Конечно, если бы я был отмороженный бандеровец и чёрный гомосексуалист одновременно, тогда бы меня точно печатали на Западе громадными тиражами… Но и так я тоже не пропаду. Пусть не надеются. А их макулатура – пропадёт.
– Критик Владимир Бондаренко сравнивает вас с Максимом Горьким, ваше творчество высоко оценил лауреат Нобелевской премии Гюнтер Грасс. Но, скажем, вашу книгу «Взвод. Офицеры и ополченцы русской литературы» критик Галина Юзефович считает «потенциально опасным чтением». Я уже не говорю о том, сколько раз после публикации «Письма Сталину» вас называли антисемитом, ксенофобом, неосталинистом и даже «зеркалом путинского фашизма». Вас сильно трогает хула и похвала?
– Сейчас – уже нет. Признаюсь, когда-то набирал в поисковике свою фамилию и смотрел, что там про меня пишут. Но уже несколько лет мне всё равно, хвалят меня или ругают. Мне просто неинтересно.
– Понимаю, что каждый роман – выношенное дитя.

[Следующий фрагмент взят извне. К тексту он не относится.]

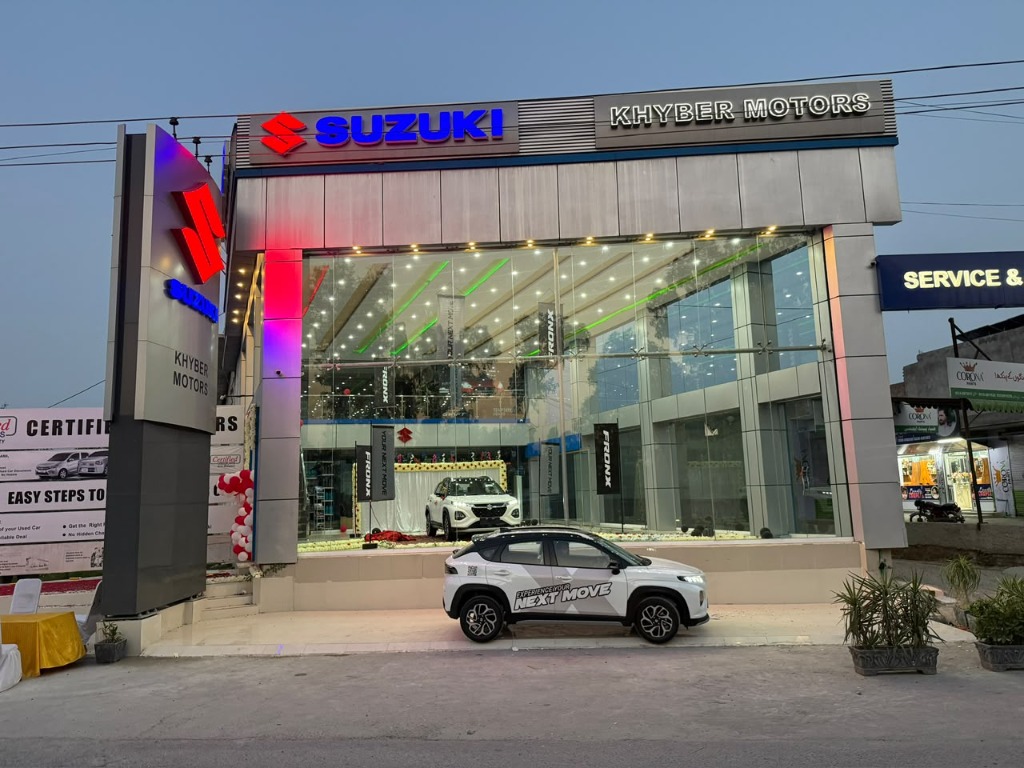 Dealership Evening View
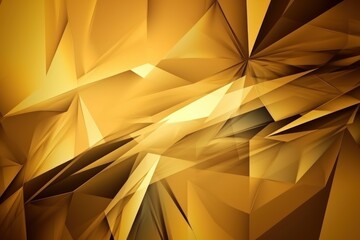 Wall Mural - Abstract yellow and brown background with sharp angles, Generative ai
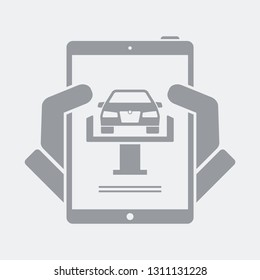 Car service application on tablet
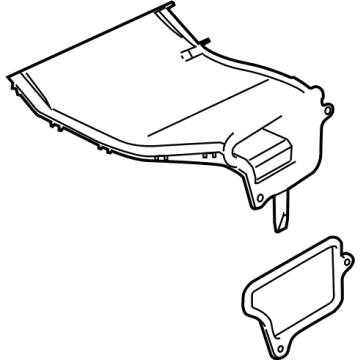 Ford CK4Z-19A618-B Inlet Duct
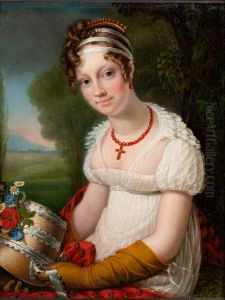 Portrait of Marie Charlotte Georgette Nizon de Saint-Georges by Jenny Berger-Desoras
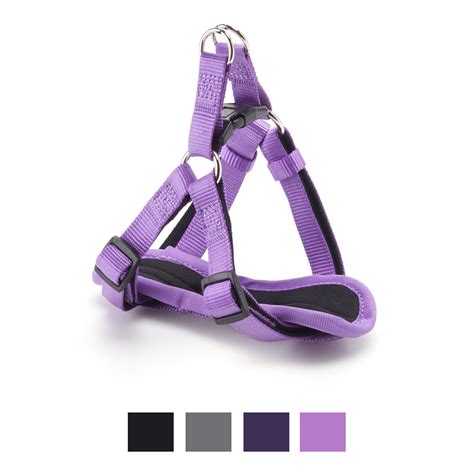 Vibrant Life Comfort Padded Step-In Dog Harness, Purple, 14-20 in ...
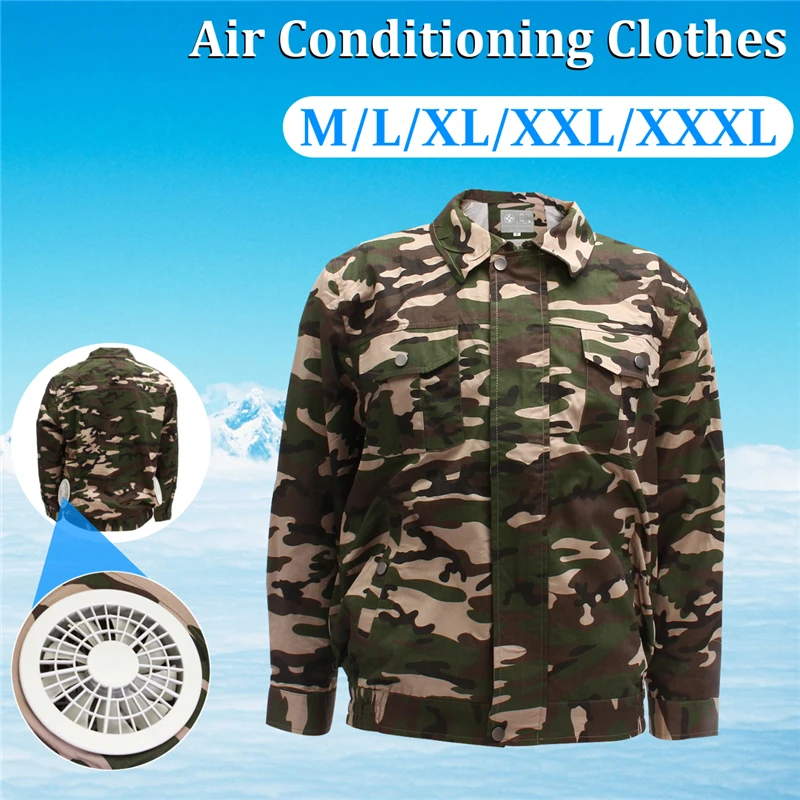 Outdoor Conditioning Clothes Cooling Portable Summer For Hot Weather Air Condition Clothing Fishing Hunting High Temperature
Outdoor Conditioning Clothes Cooling Portable Summer For Hot Weather Air Condition Clothing Fishing Hunting High Temperature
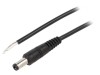 Cablu DC 5,5/2,1 Negru 0,5m, WEST POL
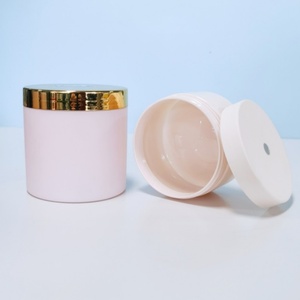100 120 150 200 250g Pet <b>Plastic</b> <b>Jars</b> Pink Face Cream Container Body Butter Pot Cosmetic Cream <b>Jars</b> Packaging With Gold Lid - Product Image 4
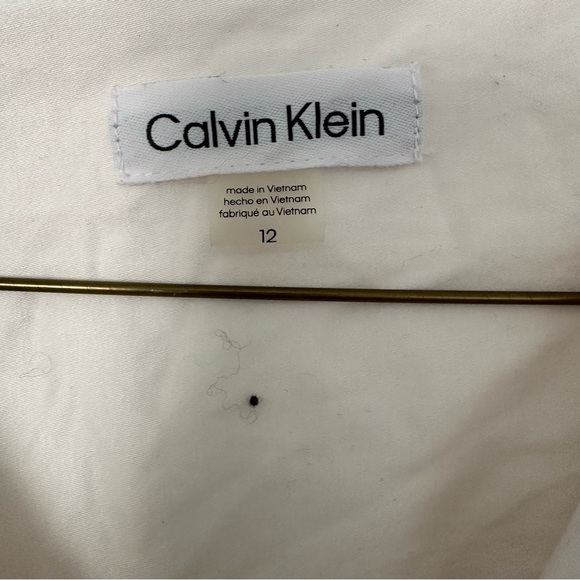Calvin Klein White Dress Drop Waist Sz 12 - Picture 7 of 11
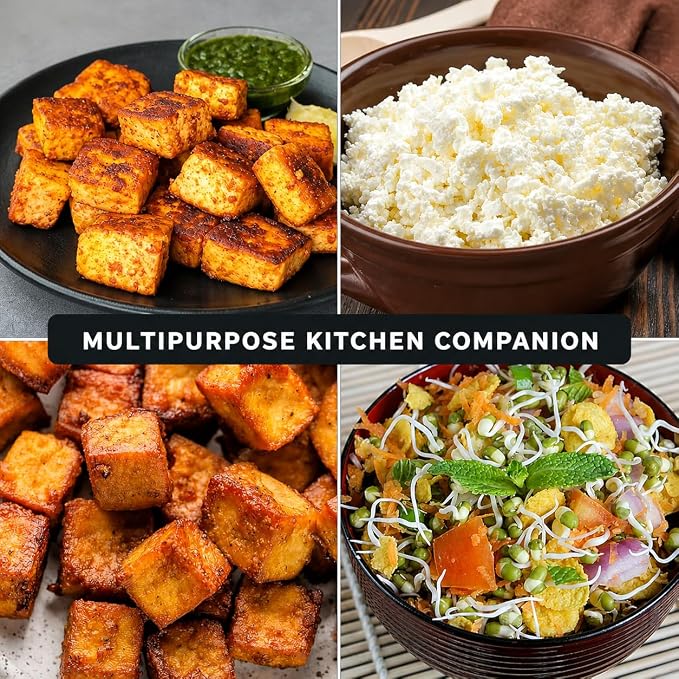 Stainless Steel Paneer Maker Mould with Lid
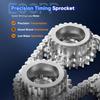 ECCPP Timing Chain Kit Fits for Nissan 1995-1997 Pickup 90-94 D21 90-92 Stanza 1990 Axxes 89-90 240SX 2.4L 2389CC l4 GAS SOHC, w/Timing Chains Crank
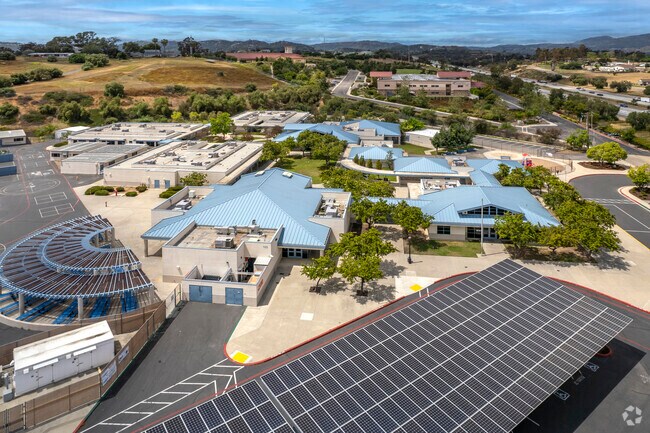 An elevated view of the Rock Springs Elementary School in Escondido.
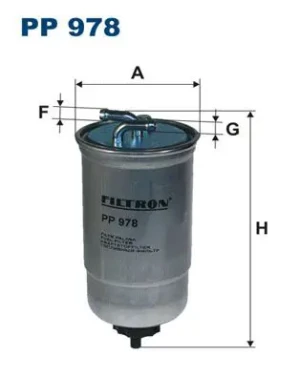 PP 978 FILTRON Filtr paliwa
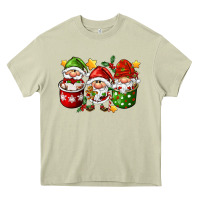 Mossy coffee cup santa gnomies Heavy Core Tee - FaDigitalArtStudio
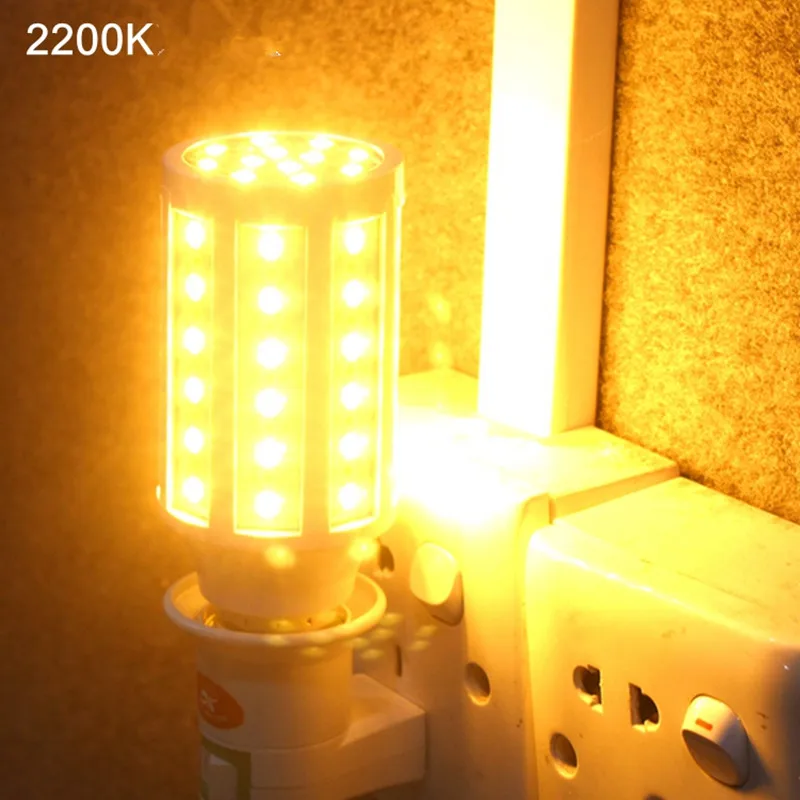 

LED Grow Light Golden 2200K Corn Light E27 E26 E14 B22 bulb AC 220V 110V DC 12V 24V-60V SMD 5730 Growing Lamp for Greenhouse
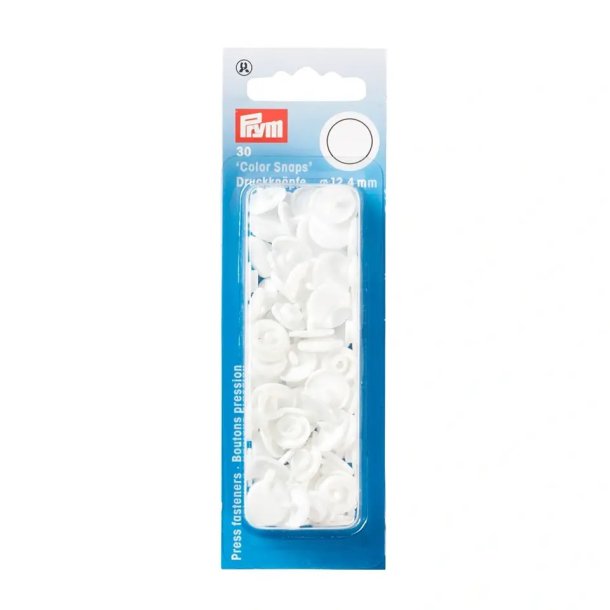 Prym - Trykknapper - Hvid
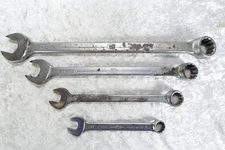 4 Vintage BON-E-CON Combination Wrenches Bonney Forge & Tool ZEB 36 32 26 22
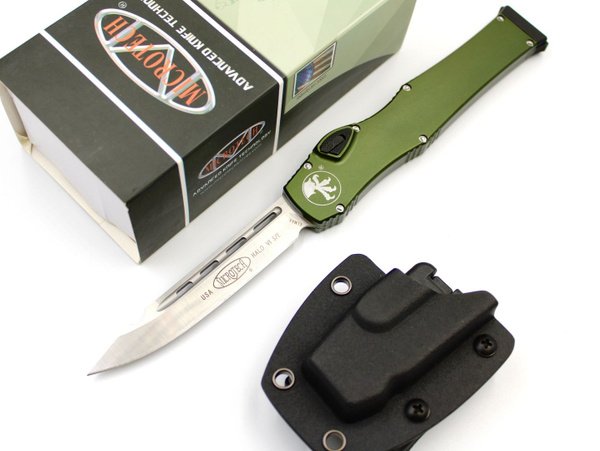 Нож MICROTECH HALO 6 зеленый - купить с доставкой по выгодным ценам в ...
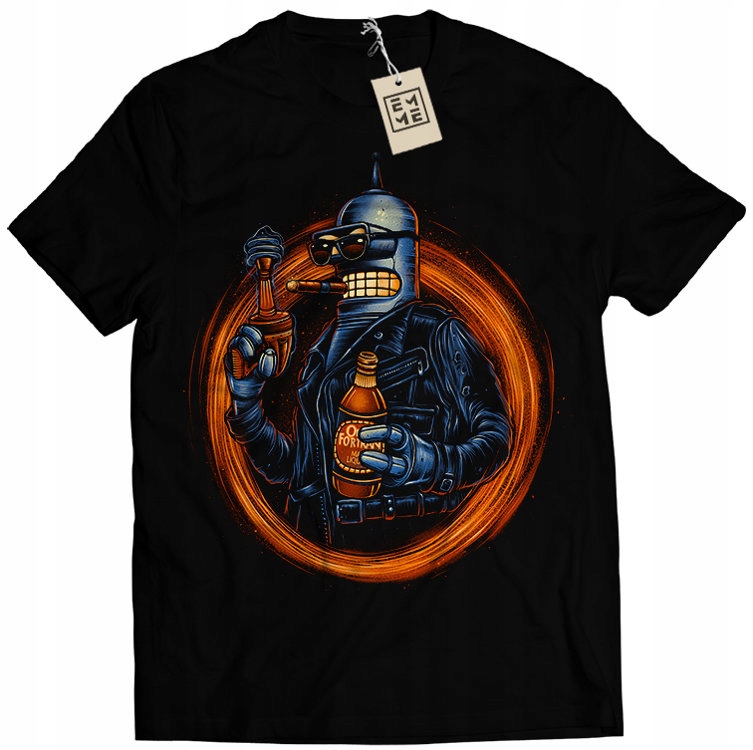 

Koszulka Futurama Bender Fry Serial Fan L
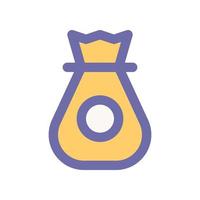 money bag icon for your website design, logo, app, UI. vector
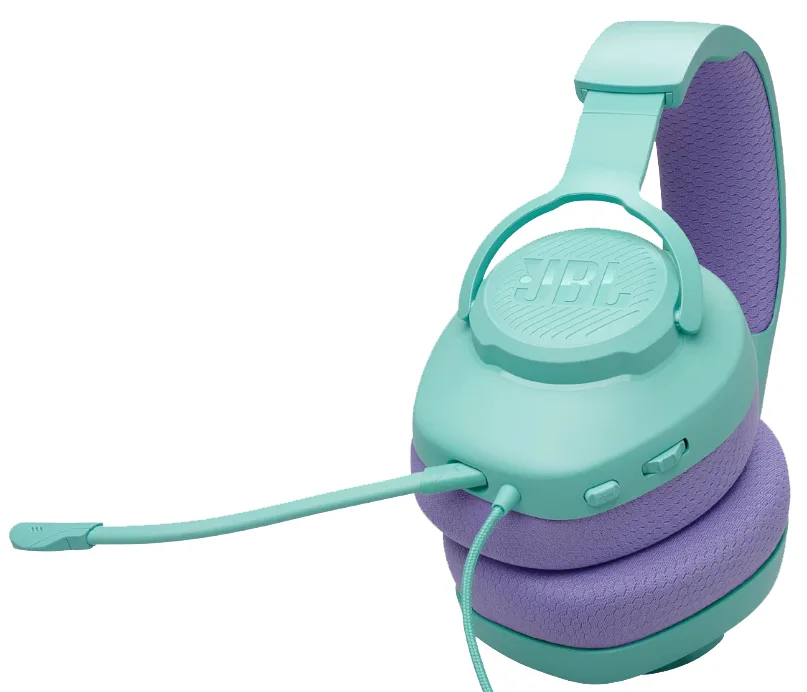 Гарнітура JBL дротова повнорозмірна пластикова блакитна 40 мм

И всё же, какой из них вам дороже всего?
– Мне особенно дороги «Обитель» и «Ополченский романс».
– Я насчитал у вас добрых три десятка лауреатских званий, полученных на разных литературных конкурсах с 2004 года. А какая награда особенно греет сердце писателя Прилепина?
– Наверное, это юбилейная премия «Супернацбест» за лучший роман десятилетия, полученная в 2011 году. Там случилась забавная история. Лауреату полагалось сто тысяч долларов наличными, но было одно условие: деньги должны вручаться лауреату лично на церемонии награждения. Среди кандидатов на премию были Пелевин, Проханов, вроде бы Улицкая, ещё кто-то и ваш покорный слуга. А Пелевин вообще не любитель публичности, и, естественно, в зале, где проходила церемония, он не появился. Шептали, что он сидит в баре наверху и ждёт, когда его вызовут получить «сто штук». Премию дали мне, ну и… Витя уехал. Но цена пелевинского затворничества стала на тот момент известна – сто тысяч зелёных американских денег.
– Произведения Пелевина читаете?
– Читаю каждую пятую его книгу, они все примерно одинаковые – как колбаса. Виктор очень одарённый и остроумный человек, но его юмор имеет временную привязку, и, боюсь, лет через десять публика уже не поймёт, над чем он там стебается.
– Есть другой популярный автор – Борис Акунин. Его-то читаете?
– Акунин – крепкий беллетрист, он сам прекрасно знает своё место в литературе.
– У Акунина хороший русский язык…
– У Акунина правильный русский язык. А хороший русский язык – у Александра Терехова.
– У вас в литературе есть тайный или явный кумир?
– Мне нравится Гайто Газданов, это любимейший мой писатель. Мне нравятся все люди, о которых я писал в книге «Взвод. Офицеры и ополченцы русской литературы», и я ещё буду писать о них. Это родные и важные для меня персонажи – Батюшков, Денис Давыдов, Бестужев-Марлинский, Гаршин, Симонов, Михаил Луконин, или убитый на финской войне Арон Капштейн, или, скажем, Юрий Бондарев. Они все – мои однополчане.
– Какой вы видите Россию лет чрез сто? Нет желания замахнуться на романутопию?
– Россия и через сто лет останется в той же сегодняшней форме. Будут в ней и западники, и славянофилы. И меня это вполне устраивает. В России с петровских времён были одинаковые плюсы и минусы, сходные геополитические проблемы и до боли знакомые раздоры аристократии, интеллигенции. Ничего не изменится, мы так и будем ходить по «спасительному» кругу, и в этом смысле Россия – стабильная страна. Что касается романа-уто пии… Когда я пишу исторические романы, это ведь не только о прошлом, но и о будущем России. А потому нет смысла сочинять антиутопии, надо только внимательно вглядываться в бездну. И бездна ответит вам.